Balance billing is a practice in which doctors or other health care providers bill you for charges that exceed the amount that will be reimbursed by Medicare for a particular service. If your doctor is a participating provider with Medicare, balance billing is forbidden. 93 percent of non-pediatric primary care doctors in the US are participating providers.
Some doctors aren’t participating providers with Medicare, but they also haven’t opted out of Medicare altogether. These non-participating providers can balance bill you, but the total charge can’t be more than 15 percent more than Medicare will pay the doctor. Medicare pays non-participating doctors 95 percent of the regular Medicare rate, and the doctor can increase that amount by up to 15 percent and charge it to the patient (in addition to the normal Medicare deductible and/or coinsurance that applies for the service). This 15 percent cap is known as the limiting charge.

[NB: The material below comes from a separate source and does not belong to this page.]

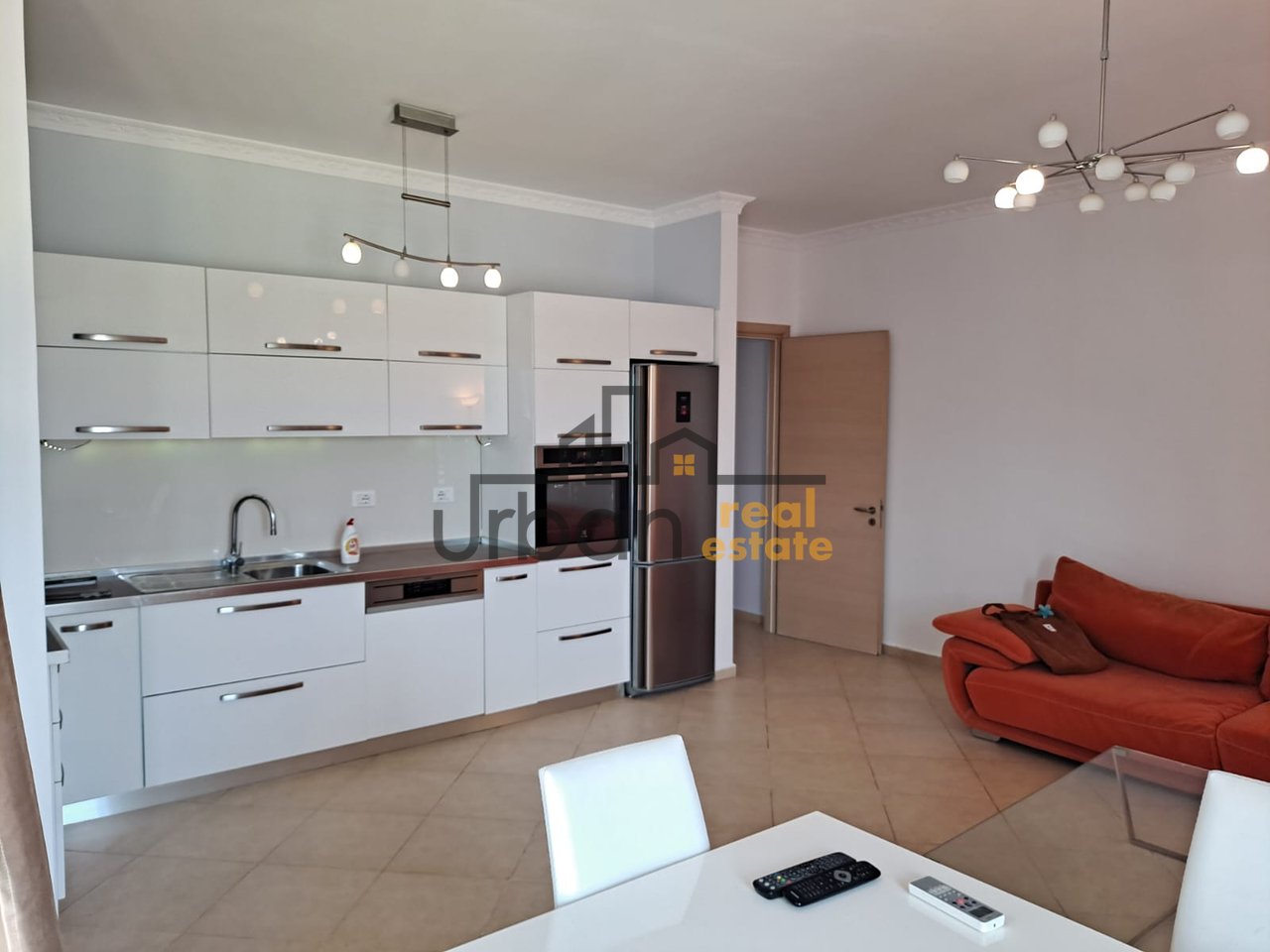 Qera, Apartament 2+1+ Garazh, Liqeni i Thatë, Tiranë - 1000€ | 110 m²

Providers who have opted out of Medicare altogether cannot seek reimbursement from Medicare at all. The patient is fully responsible for paying the entire bill in that case, and there’s no limit to how much the provider can bill. It’s important for patients to understand the difference between a doctor who is non-participating versus a doctor who has opted out altogether, since the Medicare limiting charge doesn’t apply to doctors who have opted out of Medicare. Opting out is rare overall, but fairly common for some specialties. According to Kaiser Family Foundation data, only 1 percent of all doctors have opted out of Medicare, but that rises to 42 percent among psychiatrists.